== TASK REQUIREMENTS ==
Only the pictures should be left out; write out all other data exactly.

== STUDY MATERIAL ==
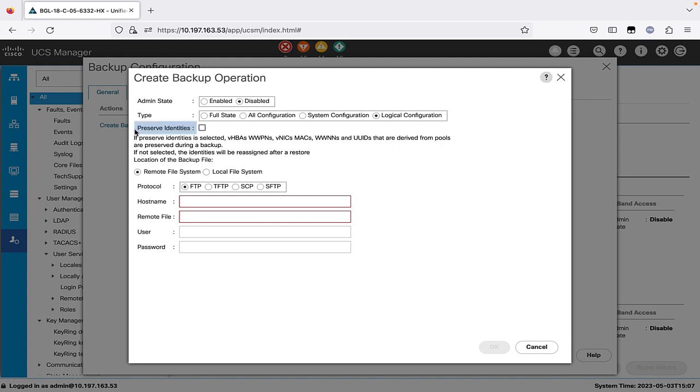Please note preserve identities checkbox is available for all configuration, system configuration and logical configuration type of backup operation. If this checkbox is not selected, the identities will be reassigned and user labels will be lost after a restore.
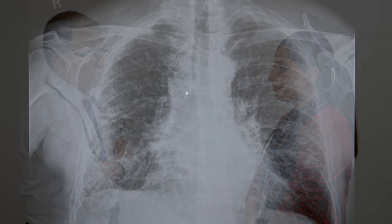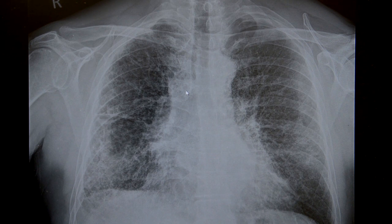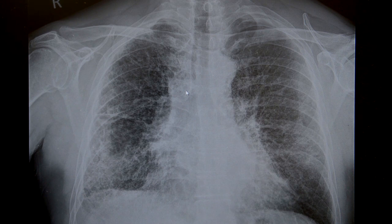On this X-ray I can see bilateral extensive fibrotic changes in both lungs, which is in keeping with my diagnosis of pulmonary fibrosis.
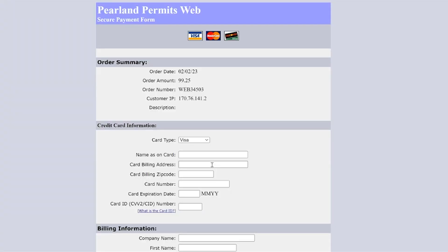You will be redirected to enter your payment information. Once you've entered your payment information you will be provided a receipt.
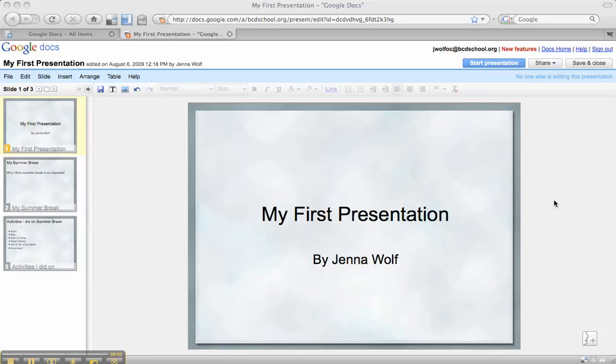Now that I've completed my presentation and picked out a theme that I really like, with colors and fonts that are easy to read, I want to share this with a few of my classmates or maybe my teacher.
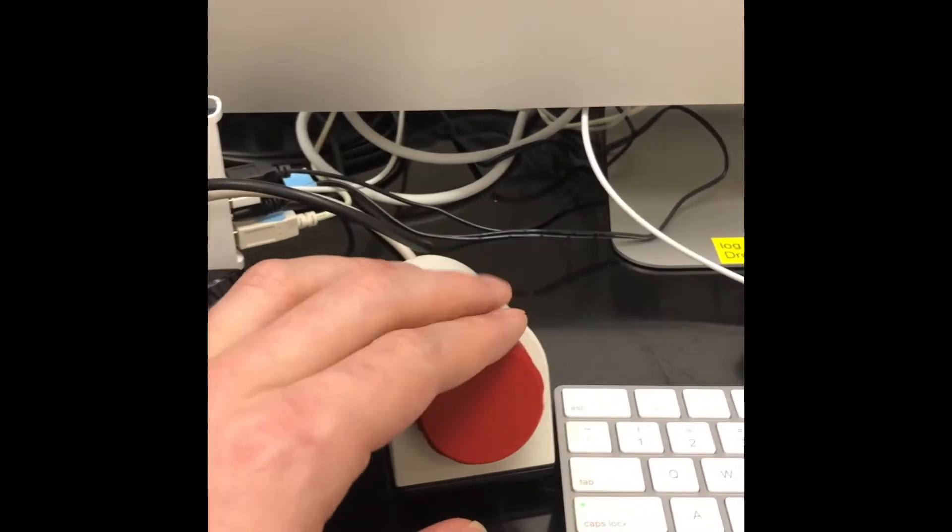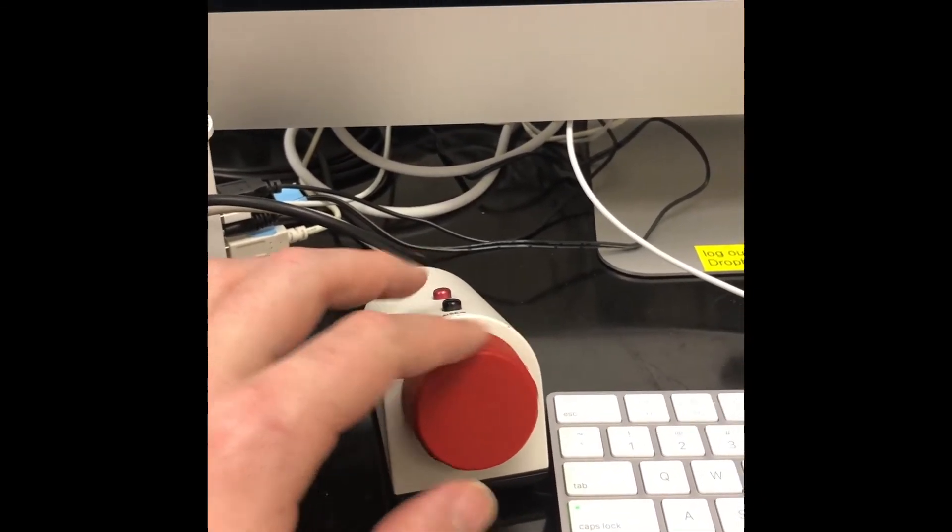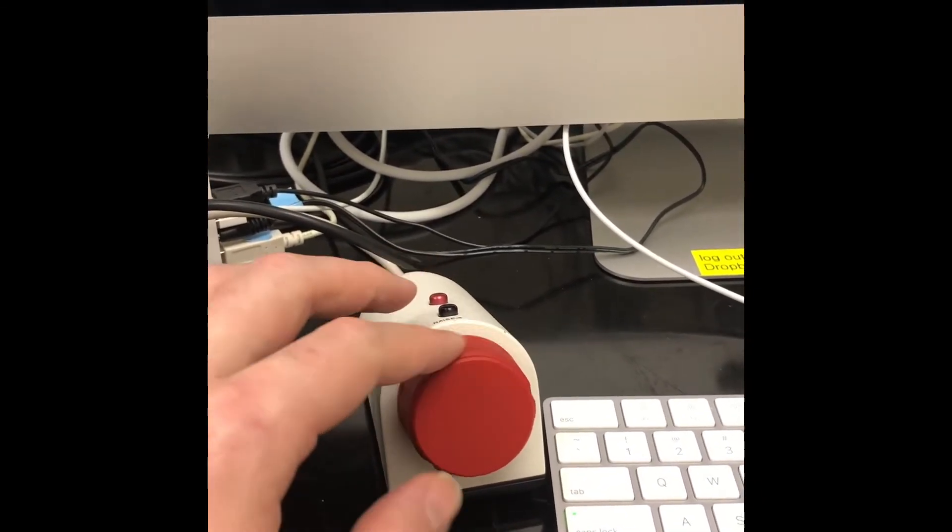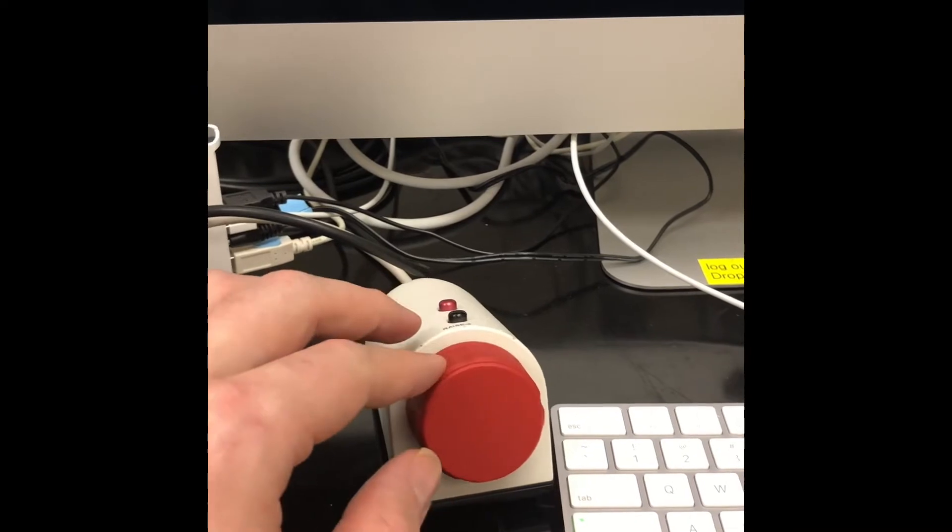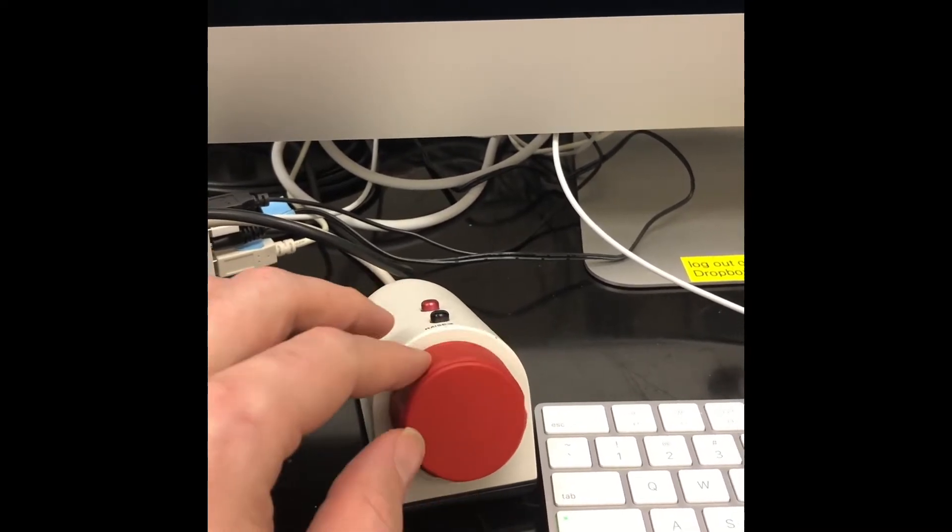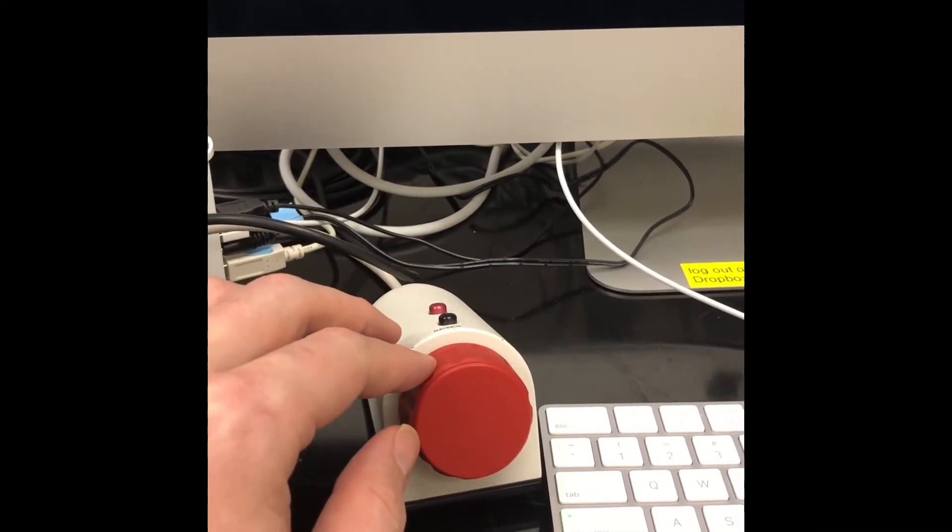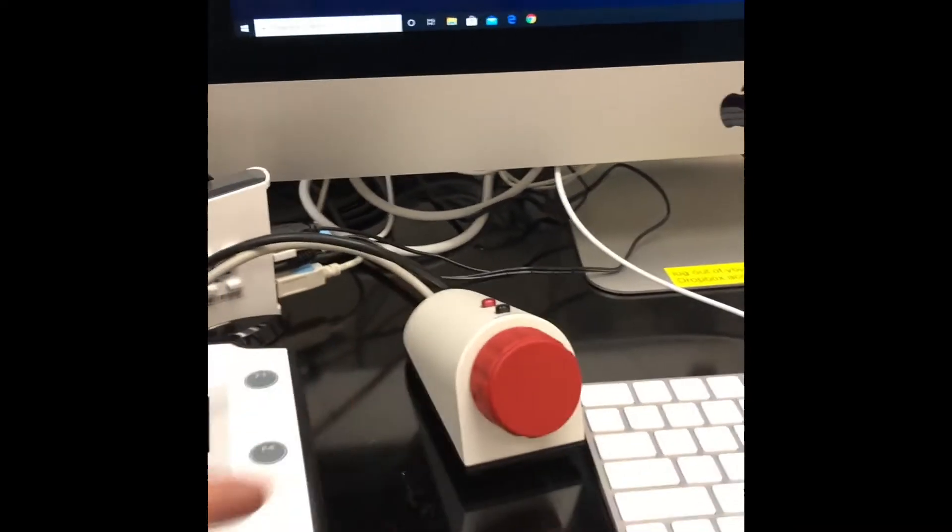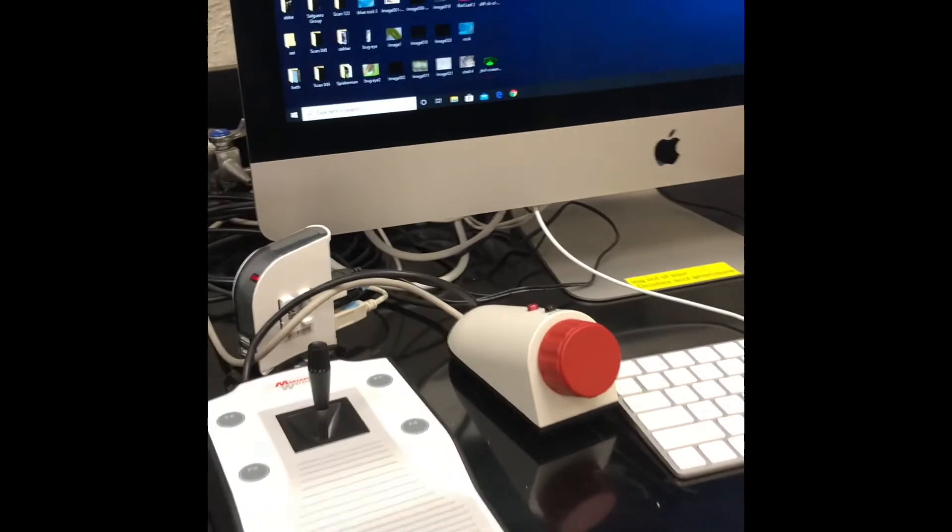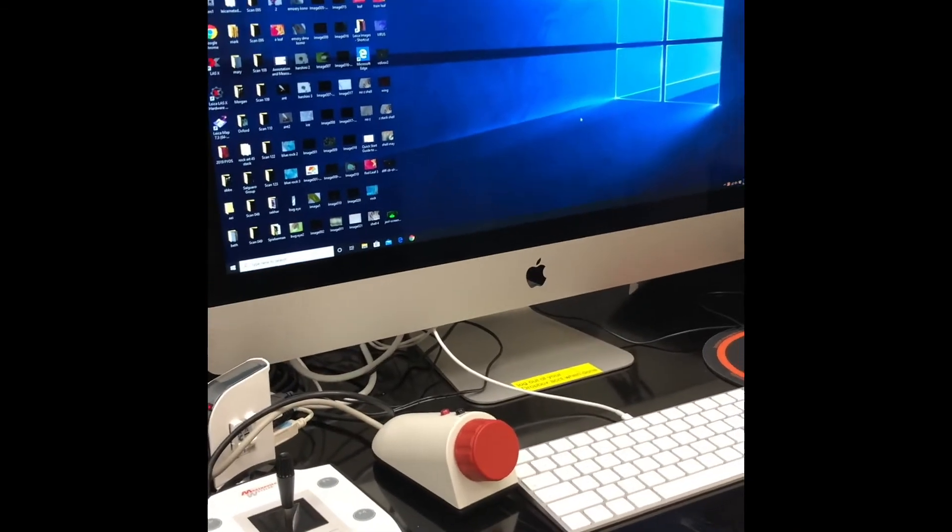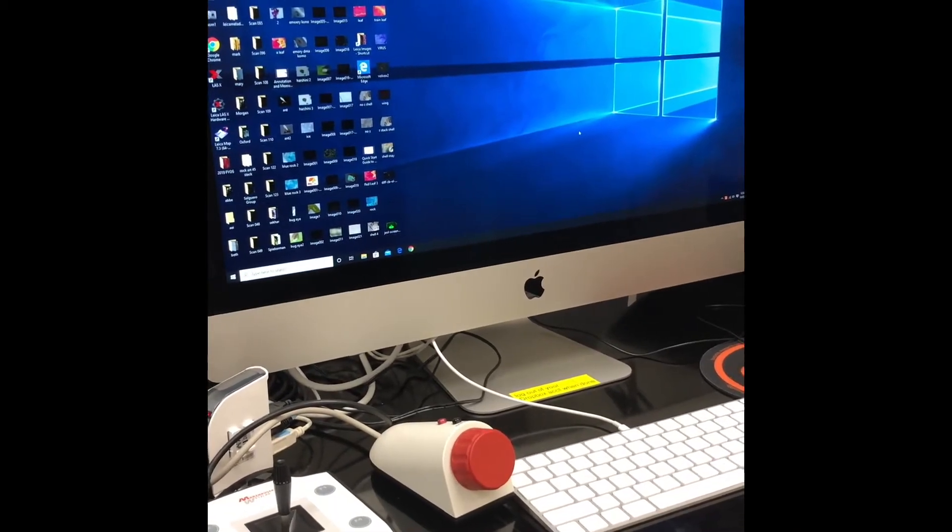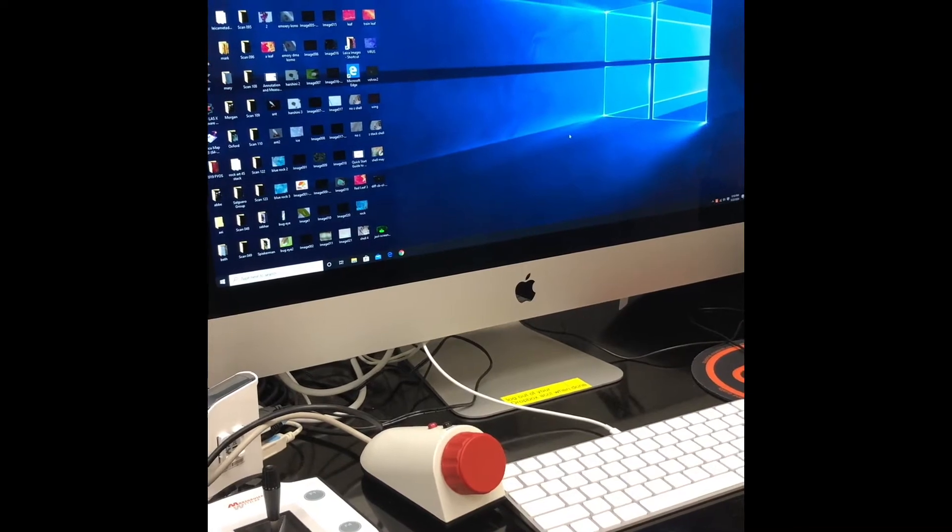We have the focus knob, which brings the head of the microscope up and down so you can get the correct focal height. And then we have the computer that runs the whole show.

== THE ANSWER ==
Please note preserve identities checkbox is available for all configuration, system configuration and logical configuration type of backup operation. If this checkbox is not selected, the identities will be reassigned and user labels will be lost after a restore.
On this X-ray I can see bilateral extensive fibrotic changes in both lungs, which is in keeping with my diagnosis of pulmonary fibrosis.
You will be redirected to enter your payment information. Once you've entered your payment information you will be provided a receipt.
Now that I've completed my presentation and picked out a theme that I really like, with colors and fonts that are easy to read, I want to share this with a few of my classmates or maybe my teacher.
We have the focus knob, which brings the head of the microscope up and down so you can get the correct focal height. And then we have the computer that runs the whole show.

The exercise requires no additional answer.